Через неделю комитет фонда Спасения Канарских островов объявил миру со страниц “Дейли пресс”, что щедрая британская публика пожертвовала круглым счетом сто тысяч фунтов в помощь пострадавшим от недавнего землетрясения. В тот же день Карн присутствовал на заседании комитета на Глостер-плейс. Предложение, внесенное леди Уэлтершолл и поддержанное Саймоном Карном, было принято единогласно. Спустя неделю те члены комитета Спасения, которым дела позволяли выехать из Лондона, собирались отправиться на место бедствия на яхте председателя, предоставленной в их распоряжение, взяв с собой для раздачи ввергнутым в нищету обитателям островов упомянутую сумму, а именно сто тысяч фунтов золотом. При содействии английского консула они получили возможность лично наблюдать за выдачей пособий, а стало быть, вернувшись в Англию, смогут отчитаться перед публикой в том, каким образом были использованы собранные деньги.

— В таком случае, — сказал Карн, который не просто поддержал это предложение, но сам заронил идею в голову леди Уэлтершолл, — было бы неплохо, если бы наш председатель побеседовал с правлением банка и условился, чтобы к назначенному дню сумма была упакована и готова к вручению тем лицам, которых его светлость назначит курьерами.

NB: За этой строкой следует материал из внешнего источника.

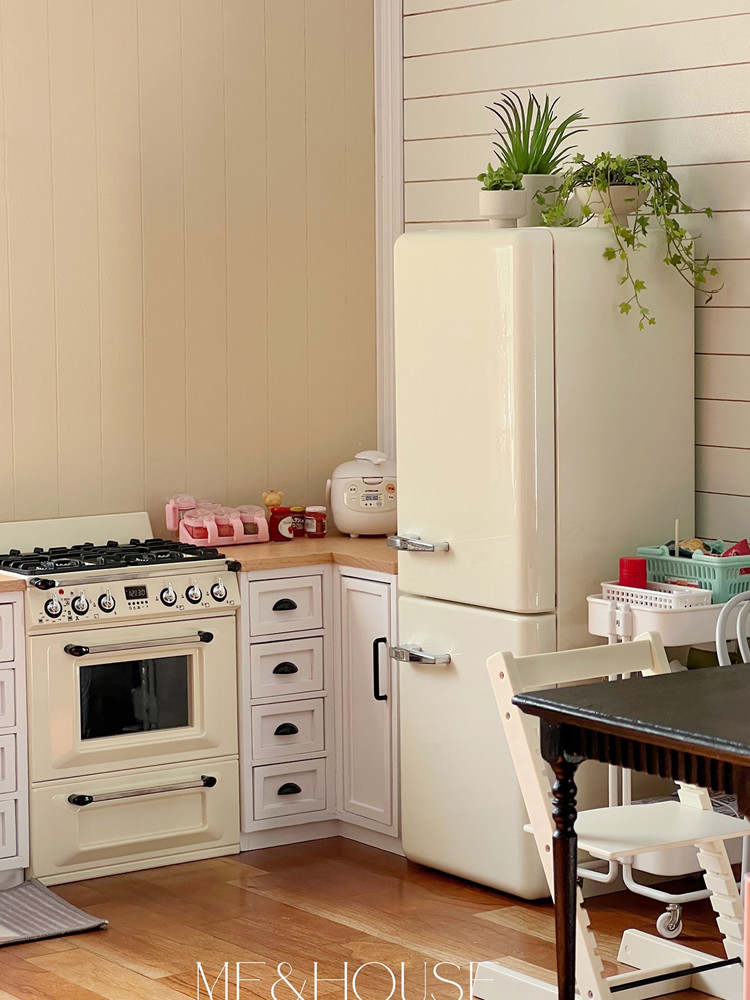 Kitchen Appliances List - Модель кукольного домика 1/6, аксессуары для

— Я лично заеду в банк завтра утром, — отозвался председатель. — Может быть, вы, мистер Карн, не отказались бы сопутствовать мне?

— Если это поспособствует работе комитета, буду просто счастлив, — ответил Карн.

Так и порешили.

Во вторник, через шесть дней после собрания и за два дня до назначенного отплытия комитета, маркиз Лейверсток получил письмо. Кэролайн Уэлтершолл, граф Эмберли и Саймон Карн как раз были у него. Маркиз вскрыл конверт, прочел и перечел послание, после чего повернулся к гостям.

— Я получил крайне неожиданную новость, — сказал он. — Поскольку она касается дела, которое все мы принимаем близко к сердцу, я прочту вам письмо.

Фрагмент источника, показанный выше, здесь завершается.